The algorithm to model and predict a classifier'south performance contains iii steps:

1) Learning curve creation;

2) Model fitting;

3) Sample size prediction;

Learning curve creation

Assuming the target performance measure is classification, a learning curve that characterizes classification accuracy (Y_acc), as a function of the training set size (Ten) is created. To obtain the data points (x_j, y_j), classifiers are created and tested at increasing grooming set up sizes x_j . With a batch size 1000, x _j = 1000·j, j = 1, 2,...,k, i.due east. ${\vec{10}}_{j} = {k, two k, three one thousand, . . ., k \cdot m}$ . Nomenclature accuracy points (y_j), i.due east. the proportion of correctly classified samples, tin be calculated at each preparation sample sizex_j using an independent test set or through n-fold cantankerous validation.

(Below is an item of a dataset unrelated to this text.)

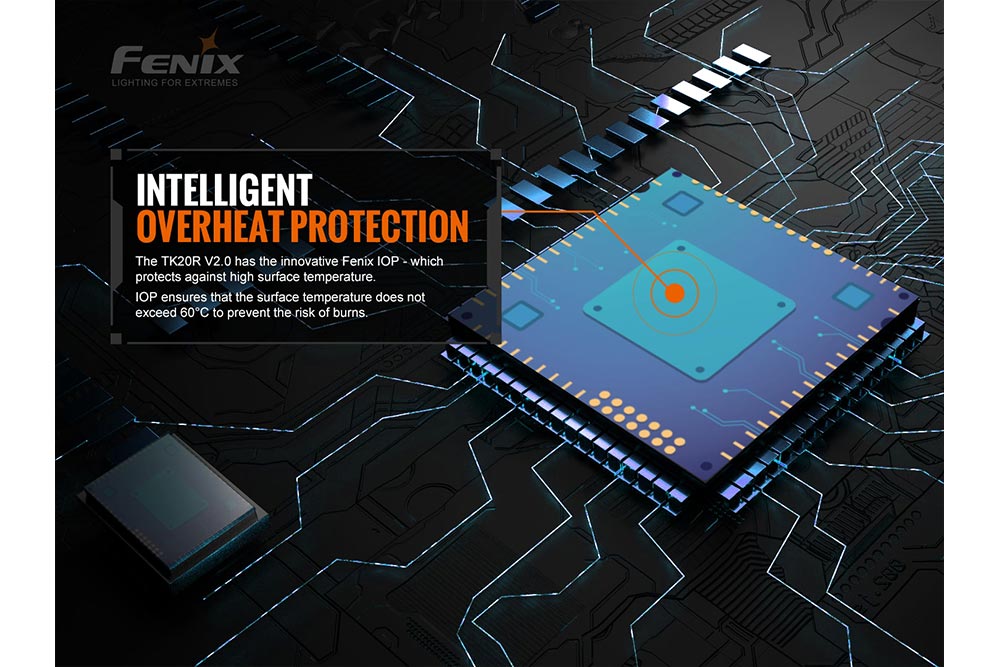 Fenix TK20R V2.0 3000 LM Rechargeable - Adventure-Ready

Model plumbing fixtures and parameter identification

Learning curves can generally be represented using changed power law functions [1,27,37,38]. Equation (i) describes the classifier'due south accurateness (Y_acc) equally function of the training sample size × with the parameters a, b, and c representing the minimum doable fault, learning charge per unit and decay charge per unit respectively. The values of the parameters are expected to differ depending on the dataset, sampling method and the classification algorithm. Still, values for parameter c are expected to be negative within the range [-one,0]; values for a are expected to be much smaller than i. The values of Y_accfall between 0 and 1. Y_accgrows asymptotically to the maximum achievable operation, in this case (1-a).

Y _{a c c}(x) =f(Ten;a,b,c) = (i -a) -b ⋅10 ^c

(1)

Permit us ascertain the prepare Ωas the collection of information points on an empirical learning corresponding to (X,Y _{a c c _X}). Ω can be partitioned into two sub-sets: Ω _t to fit the model, and Ω _t to validate the fitted model. Delight note that in existent life applications only Ω _t will be available. For case, at sample size x_sΩ _t = {(tenj, y_j )| x_j ≤ x_s } and Ω _v = {(xj, y_j )| x_j >x_s }.

UsingΩ _t , nosotros applied nonlinear weighted least squares optimization together with the nl2sol routine from Port Library[39] to fit the mathematical model from Eq(i) and find the parameter vector $\vec{β}$ = {a, b, c}.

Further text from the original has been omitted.